MCNS
Implemetation of "MCNS": Understanding Negative Sampling in Graph Representation Learning.
Understanding Negative Sampling in Graph Representation Learning.
Zhen Yang*, Ming Ding*, Chang Zhou, Hongxia Yang, Jingren Zhou, Jie Tang. (*These authors contributed equally to this work.)
In KDD 2020 (Research Track)
Introduction
We systematically analyze the role of negative sampling from the perspectives of both objective and risk, and quantify that the negative sampling distribution should be positively but sub-linearly correlated to their positive sampling distribution. With the guidance of the theory, we propose MCNS, approximating the positive distribution with self-contrast approximation and accelerating negative sampling by Metropolis-Hastings.
Preparation
- Python 3.7
- Tensorflow 1.14.0
Training
Training on the existing datasets
You can use $ ./experiments/***.sh
to train MCNS model on the recommendation task. For example, if you want to train on the Amazon dataset, you can run $ ./experiments/amazon.sh
or python main.py --input data/amazon/
to train MCNS model.
Training on your own datasets
if you want to train MCNS on your own dataset, you should prepare the following four files:
- train.txt: Each line represents an edge
<node1> <node2>
. - valid.txt: the same format with train.txt
- test.txt: the same format with train.txt
- test_neg.txt: For each node, we select some unconnected nodes as negs for evaluation.
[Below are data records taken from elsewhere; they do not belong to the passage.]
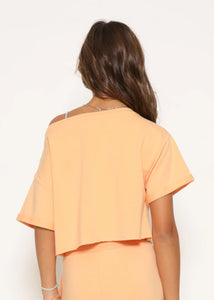 French Terry Boxy Tee - Apricot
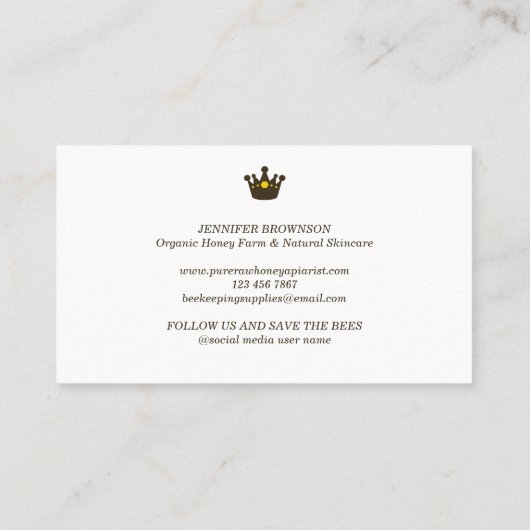 Eenvoudige Honeycomb Crown Queen Bee Visitekaartje (Achterkant)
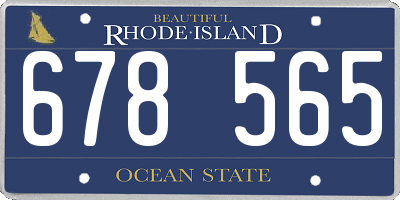 RI license plate 678565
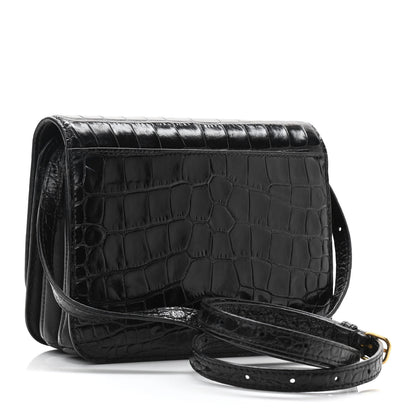 Balenciaga Shiny Calfskin Crocodile Embossed Small B Bag Black 3 of 12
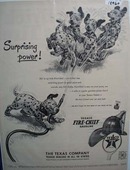 Texaco Fire-Chief gasoline surprising power Ad 1952.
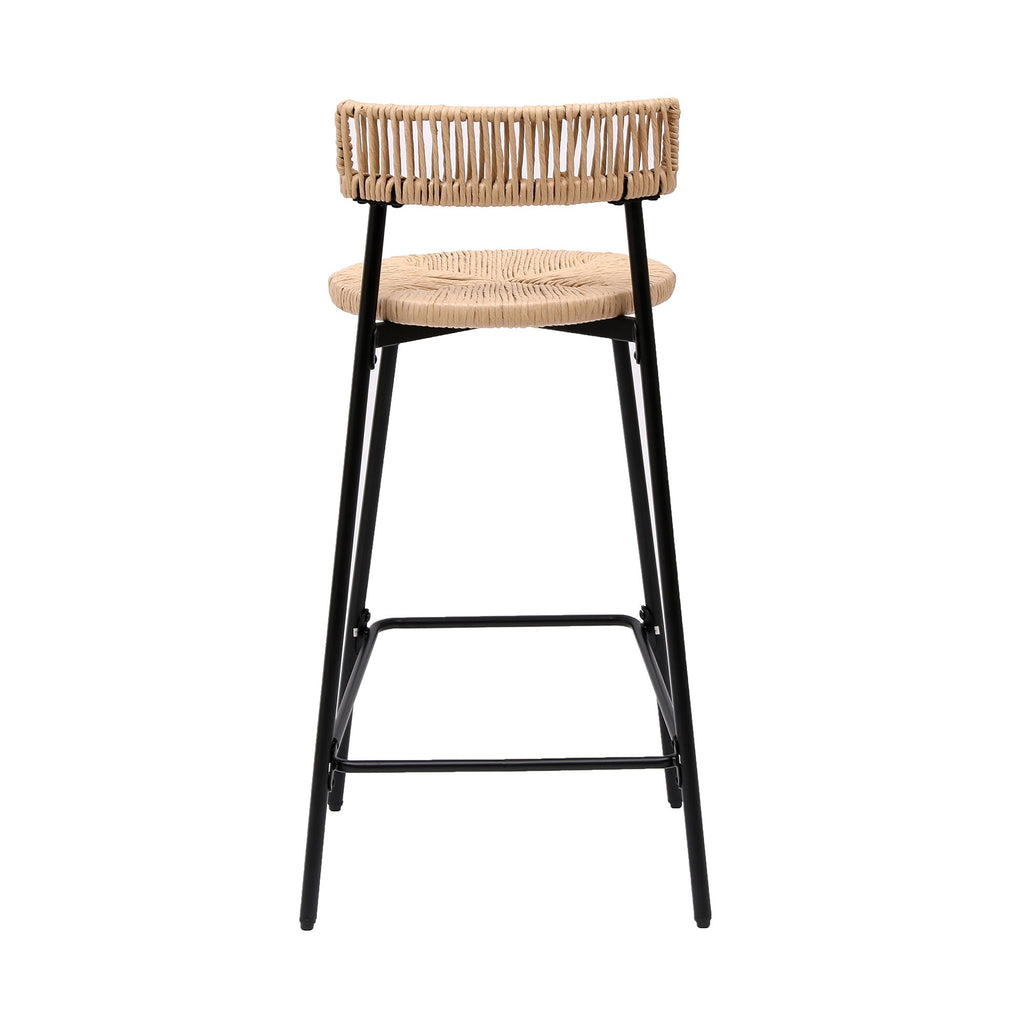 Boho Style Handwoven Paper Rope Counter Stools with Rubber Wood Frame - Light Brown or Beige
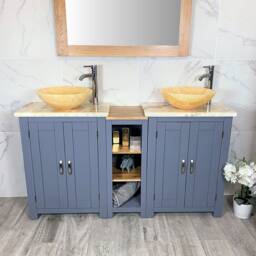 Bathroom Vanity Unit - Sink Washstand Slimline Grey Painted With Golden Onyx Worktop & Sit On Basins Taps Plugs Included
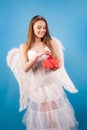 Concept of innocent girl. Love card. Valentines day. Cupid cute angel - Concept of Valentines Day. Love concept. Fashion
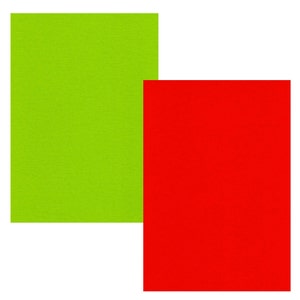 A4 Acabado de lino de cartón texturizado 225gsm 20 piezas x A4 rojo o verde brillante 210 mm x 297 mm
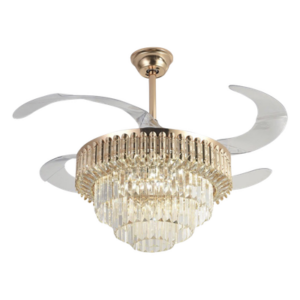 JWJ JLV-042 – Ventilador de Techo con Luminario LED / 110 V CA 50/60 Hz / 88 W / 4500 lm / 2700-4000-6500 K / 3 Tonos de Luz / 1075 mm (3.5 pies) / 6 Velocidades / No Dimeable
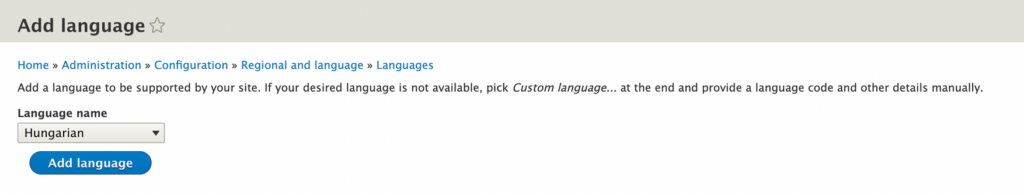 Screenshot of adding a language in the Drupal interface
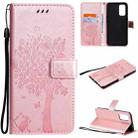 For OPPO Reno5 5G Tree & Cat Pattern Pressed Printing Horizontal Flip PU Leather Case with Holder & Card Slots & Wallet & Lanyard(Rose Gold) - 1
For Amazon and Alibaba datasets, we select 500 negs, and all unconnected negs for ml-100k to evaluate hits@k and MRR.
(generated by load_data.py/load_test_neg function).
Dataset
- ml-100k contains 943 users, 1,682 items and 100,000 edges.
- Amazon contains 192,403 users, 63,001 items and 1,689,188 edges.
- Alibaba contains 106,042 users, 53591 items and 907,470 edges.